2. Anderson contends that she was entitled to a default judgment because Judge Flake failed to file a timely answer and thereafter failed to satisfy the conditions precedent for opening default. OCGA § 9-11-55(b). OCGA § 9-11-55(b) allows a prejudgment default to be opened on one of three grounds if four conditions are met. Compliance with the four conditions is a condition precedent and once met the question of whether to open the default on one of the three grounds rests within the sound discretion of the trial court. Stewart v. Turner, 229 Ga.App. 119(2), 493 S.E.2d 251 (1997). The trial court analyzed the factors to be considered in opening default and determined that Anderson would suffer no prejudice by allowing the default to be opened; that Flake timely remedied the default and paid costs; and that all remaining conditions set forth in OCGA § 9-11-55(b) were adhered to. We perceive no error in the trial court's ruling that Judge Flake met the requirements to open the default. See Muscogee *653 Realty Dev. Corp. v. Jefferson Co., 252 Ga. 400, 314 S.E.2d 199 (1984).
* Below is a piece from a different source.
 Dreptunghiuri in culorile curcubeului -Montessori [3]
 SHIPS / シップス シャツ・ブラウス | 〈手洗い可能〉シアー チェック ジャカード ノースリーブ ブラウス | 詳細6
3. Art. VI, Sec. VII, Par. II(d) requires all judges to reside "in the geographical area in which they are selected to serve." Judge Flake's affidavit regarding her residency, affidavits from neighbors that Judge Flake lived at a residence in Stone Mountain, and various other forms of documentation established her residency in DeKalb County.[3] Because the plain, palpable and undisputed evidence presented by Judge Flake showed that Judge Flake had satisfied the residency requirements of the county in which she was elected to serve as a superior court judge, the trial court was authorized to grant her motion for summary judgment. See Robinson v. Kroger Co., 268 Ga. 735, 748, 493 S.E.2d 403 (1997).

Judgment affirmed.

All the Justices concur.

NOTES

[1] Judge Flake was reelected in 1996.

[2] Judge Flake filed an answer in conjunction with her request to open default.

[3] These documents included Judge Flake's voter registration and voter record, banking information, driver's license, homestead exemption on property in DeKalb County, and vehicle registrations.